Skocz do zawartości




* * * * * 2 głosy

Pomiar ciśnienia sprężania (kompresji) - na ciepło czy na zimno?



25 odpowiedzi w tym temacie

#1 Offline   XM


  • Postów: 2 650
  • Na forum od: 24 lis 2009
  • Miejscowość: Puławy
  • Mercedes:W201 2.0D - OM601
  • Rocznik:1989
  • Nadwozie:sedan
  • Skrzynia biegów:manualna 5
  • Opcja:brak
  • Alternatywne paliwo:brak

Napisano 08 października 2013 - 21:00

Czy ma ktoś doświadczalną albo "akademicką" wiedzę, w jakich warunkach powinno badać się kompresję silnika?

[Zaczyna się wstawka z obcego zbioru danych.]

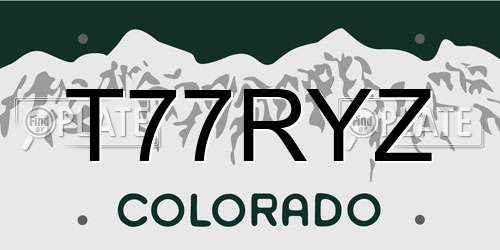 T77RYZ Colorado License Plate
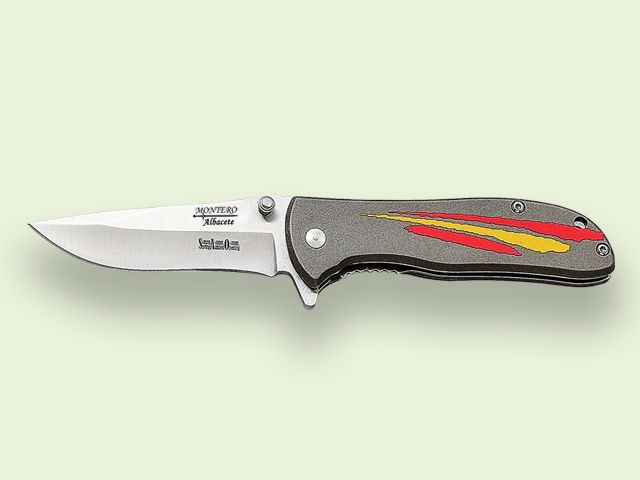 NAVAJA BLOQUEO MANGO GRIS BANDERA ESPAÐA 8 cm/hoja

Jedni mówią, że na zimno, inni że przy temperaturze roboczej. Każda strona próbuje jakoś to uzasadnić, na dodatek całkiem sensownie. Praktycznie każdy zgodnie mówi, że na ciepło zawsze wychodzi wyższa (jeśli to prawda, to czy ktoś sprawdzał o ile?). Ale jaka metoda pomiaru jest poprawna, jak sprawdzali w fabryce? Może ktoś to namierzył w oryginalnej serwisówce?

zwolennicy "na ciepło":
- bo parametry silnika powinno mierzyć się gdy osiągnie ustalone warunki pracy, czyli dopiero w temp. roboczej

zwolennicy "na zimno":
- bo przecież kompresja musi być dobra już przy odpale, czyli gdy jest zimny
- bo na ciepło, to zawsze wychodzi dobra, bo rozszerzalność metalu i lepsze doszczelnienie przez olej
- bo po rozgrzaniu, to nawet pęknięta głowica wyda się dobra

Spotkałem jeszcze trzecią szkołę: "diesle na zimno, benzyny na ciepło". Też brzmi niegłupio. Proszę o Wasze opinie. Co do samego przeprowadzania pomiaru, to wiem z grubsza o co biega, wiem co określa wynik próby olejowej itp. Tylko z tą temperaturą, to nie jestem pewien.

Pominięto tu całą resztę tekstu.